Congressman Glenn Thompson represents the 5th District of Pennsylvania, located in Central Pennsylvania. As a descendant of a long line of dairy farmers, Representative Thompson is a proud and active member of the House Agriculture Committee, where he currently serves as Chairman of the Subcommittee on Conservation & Forestry. Representative Thompson also serves on the House Natural Resources Committee and the House Education & the Workforce Committee. He has taken a strong interest in the issues that are most important to private forest landowner.
Forest America asked Chairman Thompson about his views and priorities for forest landowners in the current Congress.
Q: What are the Subcommittee’s top priorities for this Congress for our nation’s private forests?
The number one priority for the Subcommittee in the 114th Congress is oversight of USDA, specifically the implementation of the 2014 Farm Bill.

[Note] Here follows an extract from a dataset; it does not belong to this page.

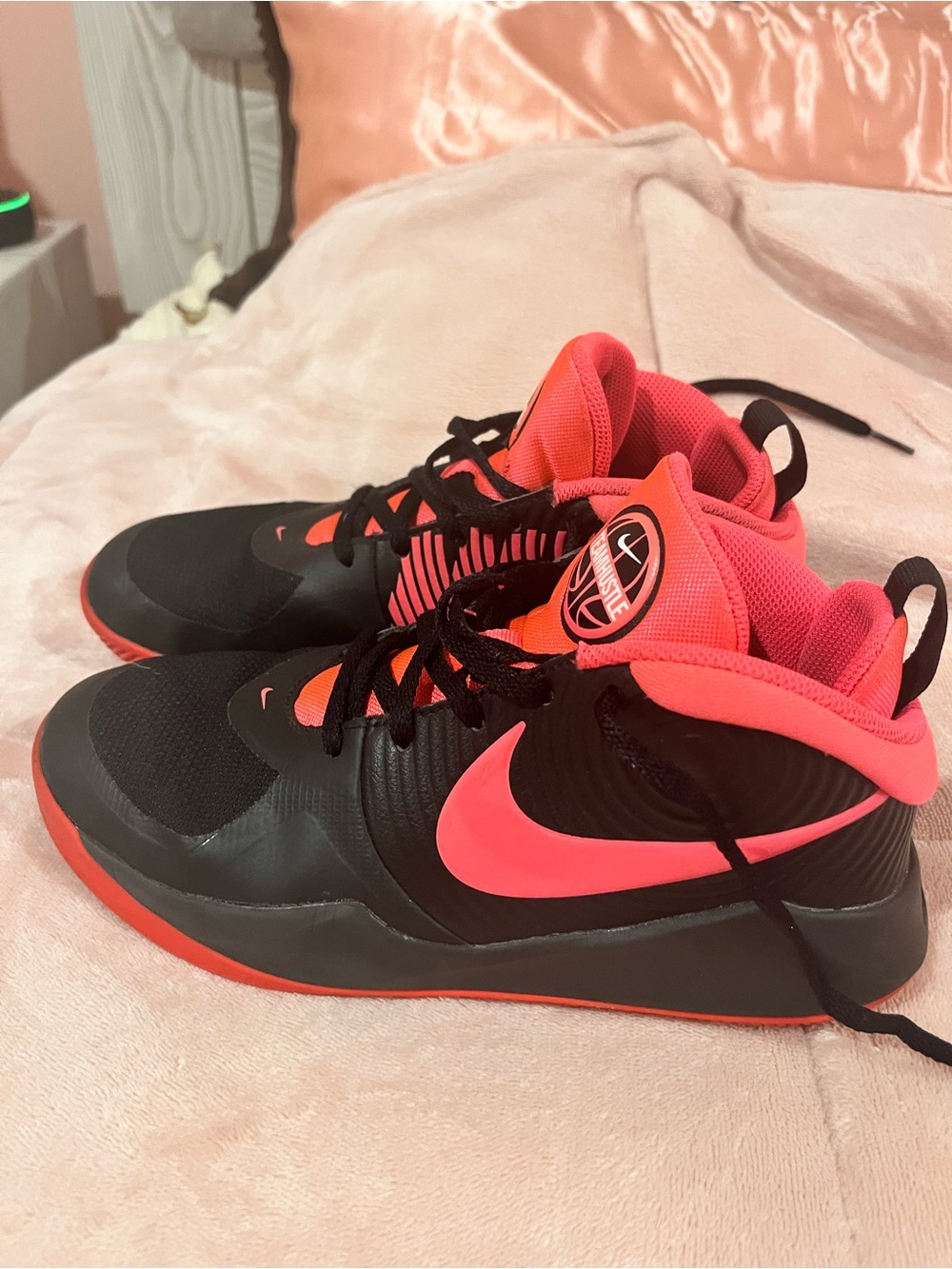 Nike Kids' Black & Hot Pink Basketball Shoes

We had a number of positive forestry provisions included in the new law – forest roads, categorical exclusion authorities for the Forest Service, and expanding the Bio-preferred Program to timber products, to name just a few – and we will be working with USDA to ensure that the intent of the law is followed.

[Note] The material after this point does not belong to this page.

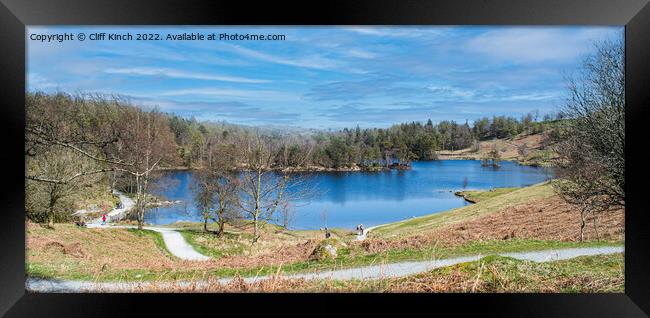 Tarn Hows panorama Framed Print by Cliff Kinch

At the Subcommittee, we will continue to encourage active management of our federal forests, along with increasing timber harvest levels in the national forest system to their recommended amounts. For a number of reasons, the Forest Service is only harvesting a mere fraction of the timber that most every forest plan calls for. Getting closer to these increased levels of timber harvest will be beneficial for both the ecological health of our nation’s forests, as well as the economic health of many rural communities.
Q: What about any initiatives intended to help keep our private forest landowners competitive in domestic and global markets?

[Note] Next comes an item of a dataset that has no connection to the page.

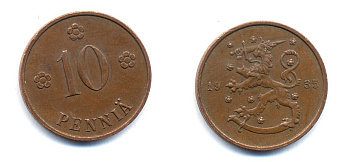 Финляндия 10 пенни 1935 республика (1918-1962) KM 24 медь 51-5452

We have seen some good trade agreements in recent years for agricultural products, yet I think the most important thing we can do is to keep the federal government out of the way of private forestry so that foresters are able to manage their lands, harvest their timber and grow their businesses.
The private sector has a much better track record and is far more efficient in terms of forest management and timber harvesting than the federal government. But in order to preserve that success, it is vital that the government doesn’t needlessly overregulate said activities. Additionally, we must continue to provide voluntary management tools for foresters and landowners, as I am proud to say we have done in the past few farm bills.
Q: What do you believe are the biggest challenges facing forest landowners over the next several years?
The greatest challenges that forest landowners will face in the coming years is excessive, unwarranted federal regulations. From EPA’s Waters of the U.S. rule to the Forest Service’s Groundwater Directive to the array of proposed Endangered Species Act listings from the Fish & Wildlife Service, we have seen an unprecedented number of proposed rules from federal agencies that threaten the private sector’s ability to manage forests, provide timber, and allow for strong rural communities.
As we continue to observe, many of these rules go far beyond the intent of the underlying law, while having major implications and associated costs on land use. Congress has had some success in rolling back or preventing these far-reaching rules, but much more work needs to be done.
Q: Do you think your colleagues understand the difference between the health and sustainability of private forest and public forests, and that our private forests are healthy?
I think that there is quite a bit of expertise on forestry issues among my colleagues. However, like every issue, we continually need to be informed and educated by the real experts on the ground. Having said that, I encourage all foresters, loggers and timber harvesters to get involved and exercise your First Amendment right to petition Congress.
We need to hear from you. We need to hear how Washington policies are affecting you and the nation’s forests.
Q: What will it take to educate and inform Members of Congress about the difference, and the value that private landowners are bringing to both our natural resources and to the economy?
It takes contact with your Representatives, both in the House and Senate.
Q: What should private landowners themselves be doing to better to inform policy-makers and the public about their challenges?
Call your Members of Congress and communicate. Visit their local district offices.